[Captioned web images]
=== Section Start ===

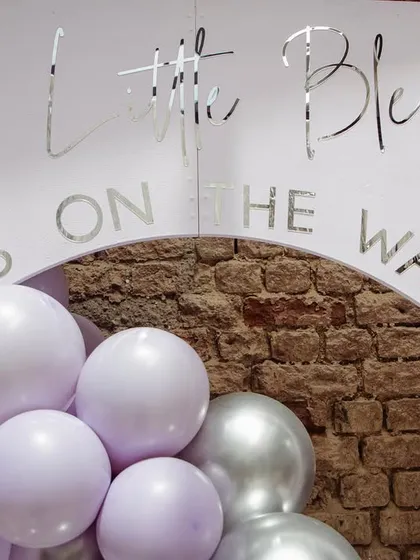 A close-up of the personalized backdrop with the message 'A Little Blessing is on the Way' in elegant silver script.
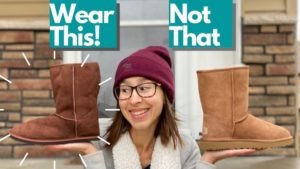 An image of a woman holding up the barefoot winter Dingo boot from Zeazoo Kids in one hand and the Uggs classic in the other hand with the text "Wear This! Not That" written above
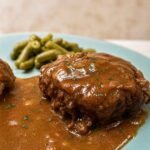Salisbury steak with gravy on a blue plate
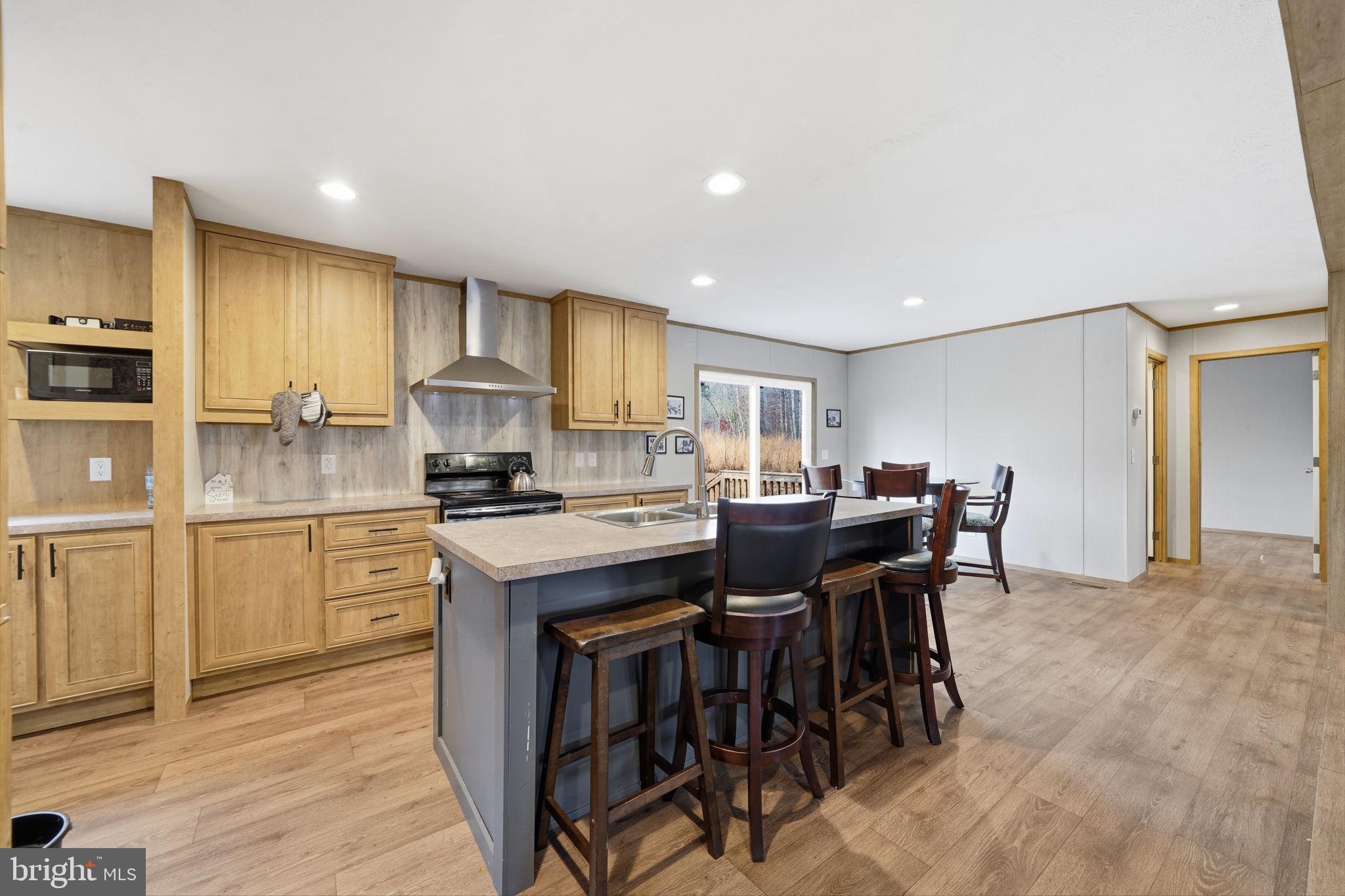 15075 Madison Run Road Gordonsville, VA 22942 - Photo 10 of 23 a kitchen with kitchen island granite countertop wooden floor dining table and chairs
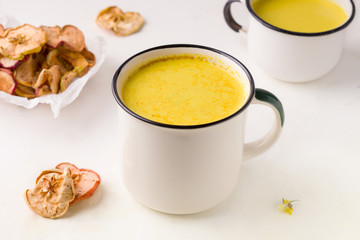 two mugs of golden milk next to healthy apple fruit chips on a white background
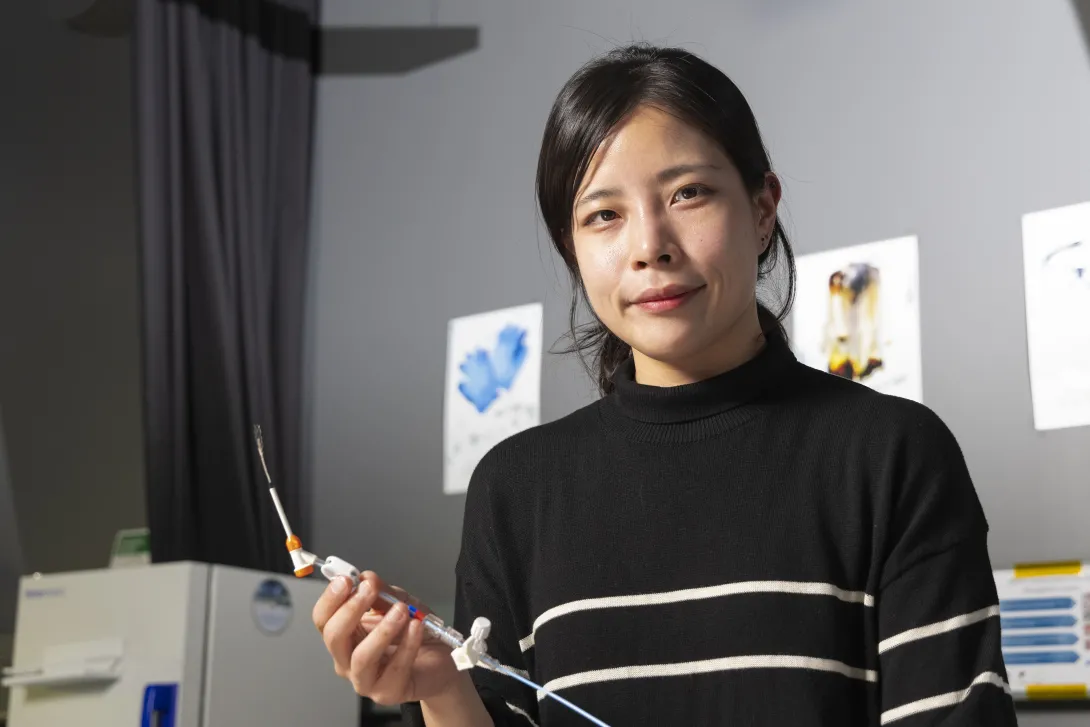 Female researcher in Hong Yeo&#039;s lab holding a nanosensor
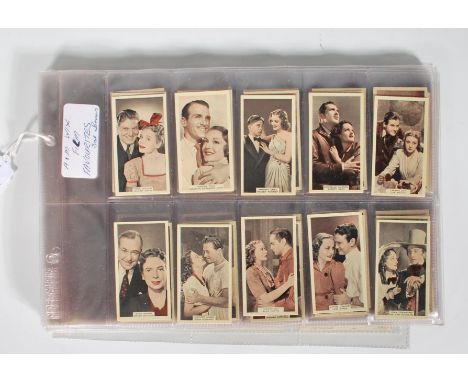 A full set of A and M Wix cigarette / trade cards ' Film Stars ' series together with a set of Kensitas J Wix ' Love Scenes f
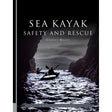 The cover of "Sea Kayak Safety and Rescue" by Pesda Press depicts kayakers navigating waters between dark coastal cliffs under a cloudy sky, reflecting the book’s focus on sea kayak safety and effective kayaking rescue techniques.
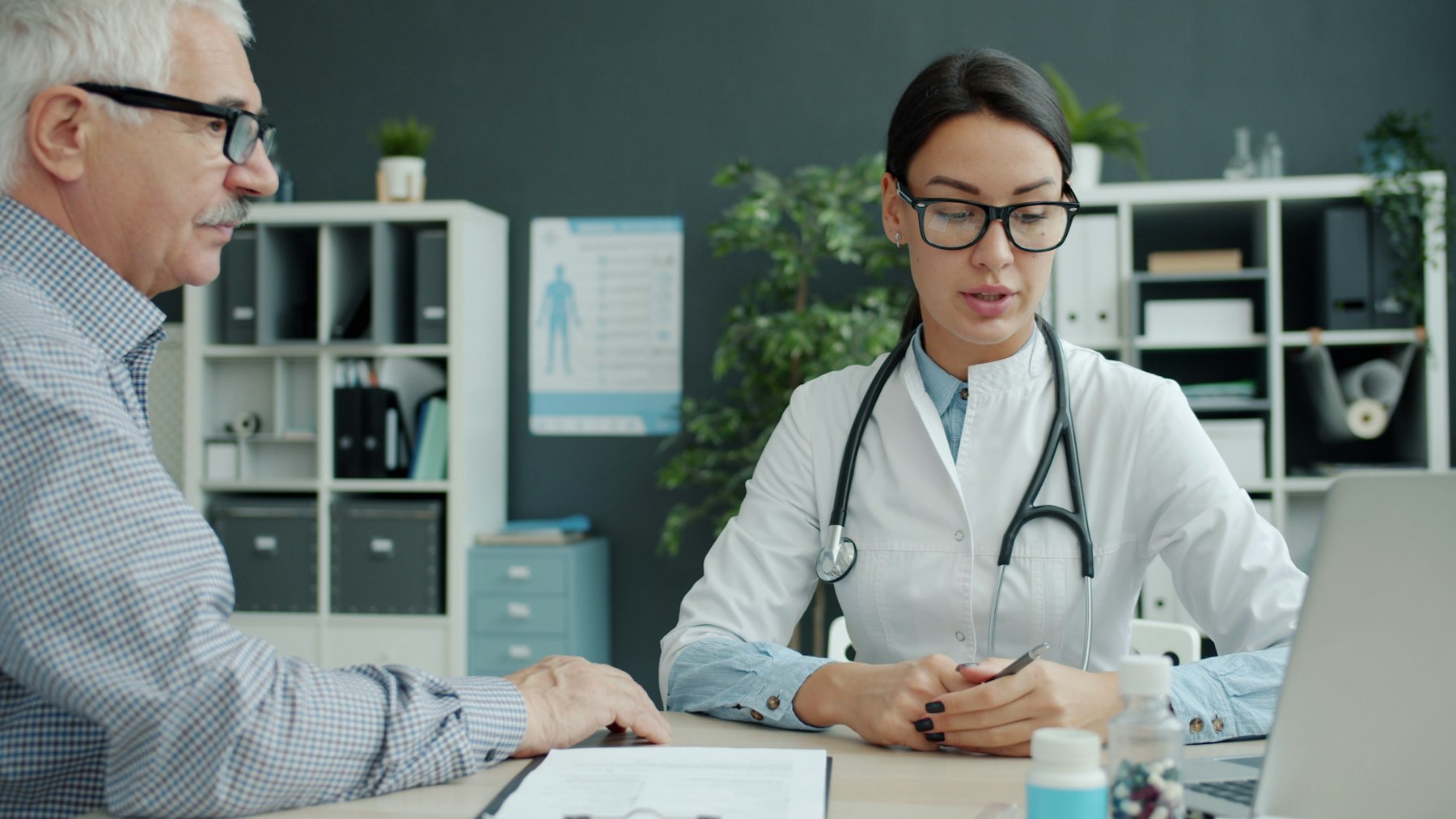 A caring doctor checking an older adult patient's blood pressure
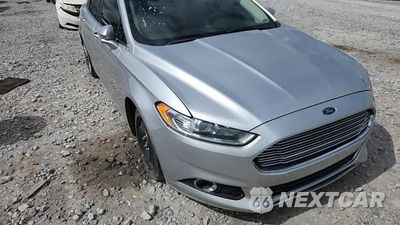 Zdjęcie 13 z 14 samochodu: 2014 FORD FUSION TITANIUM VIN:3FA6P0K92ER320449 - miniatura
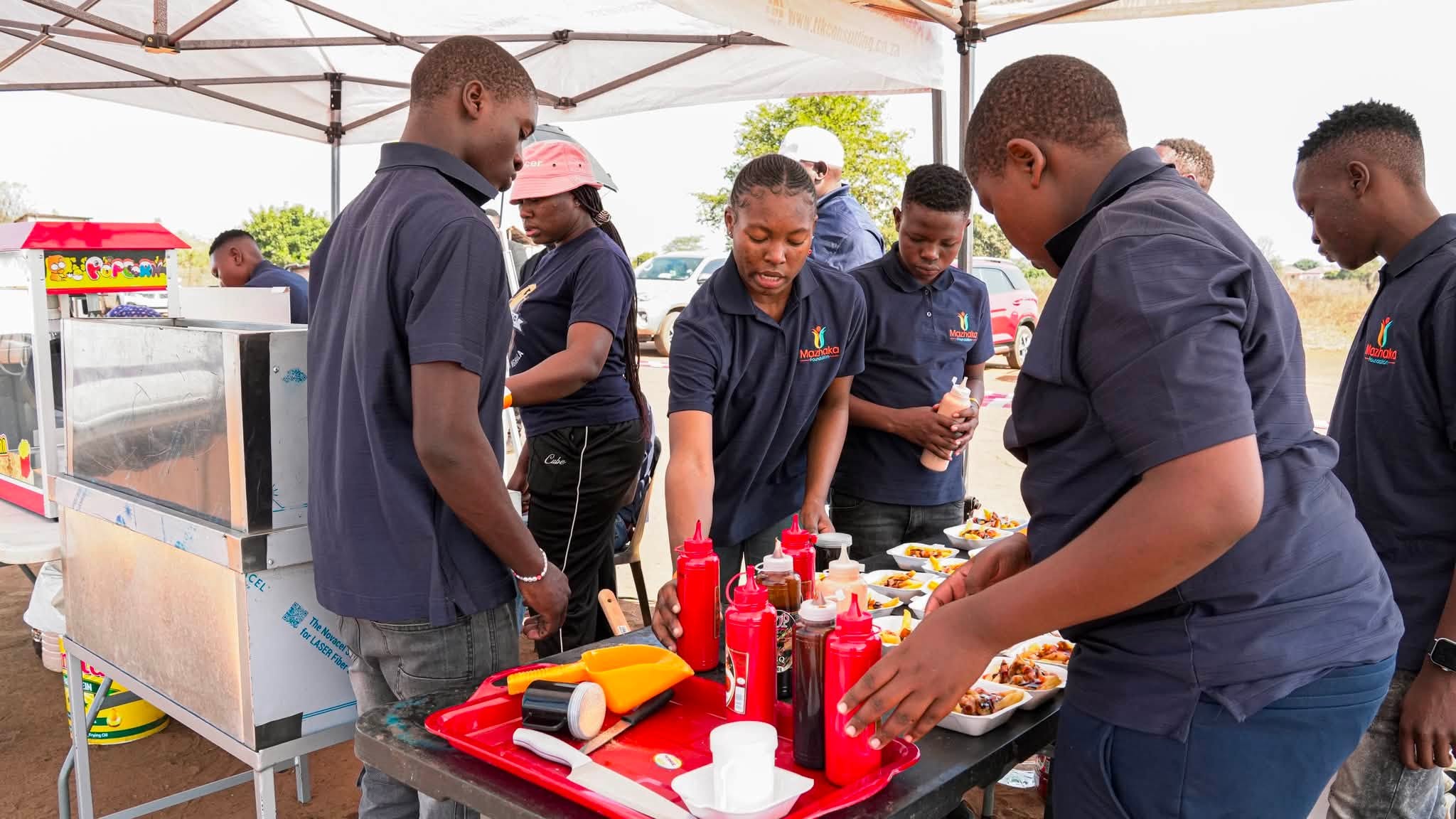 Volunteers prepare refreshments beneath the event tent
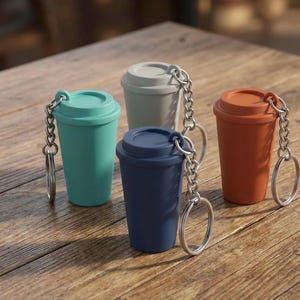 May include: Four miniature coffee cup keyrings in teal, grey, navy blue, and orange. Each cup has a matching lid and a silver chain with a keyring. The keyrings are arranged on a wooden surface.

=== Section End ===

- **Aim of the task**
Copy exactly the lines of the entries above from the one containing "Salisbury steak with gravy on a blue plate" through the one containing "A caring doctor". Both end lines count; pictures do not.

- **Expected output**
Salisbury steak with gravy on a blue plate
 15075 Madison Run Road Gordonsville, VA 22942 - Photo 10 of 23 a kitchen with kitchen island granite countertop wooden floor dining table and chairs
 two mugs of golden milk next to healthy apple fruit chips on a white background
 Female researcher in Hong Yeo&#039;s lab holding a nanosensor
 A full set of A and M Wix cigarette / trade cards ' Film Stars ' series together with a set of Kensitas J Wix ' Love Scenes f
 The cover of "Sea Kayak Safety and Rescue" by Pesda Press depicts kayakers navigating waters between dark coastal cliffs under a cloudy sky, reflecting the book’s focus on sea kayak safety and effective kayaking rescue techniques.
 A caring doctor checking an older adult patient's blood pressure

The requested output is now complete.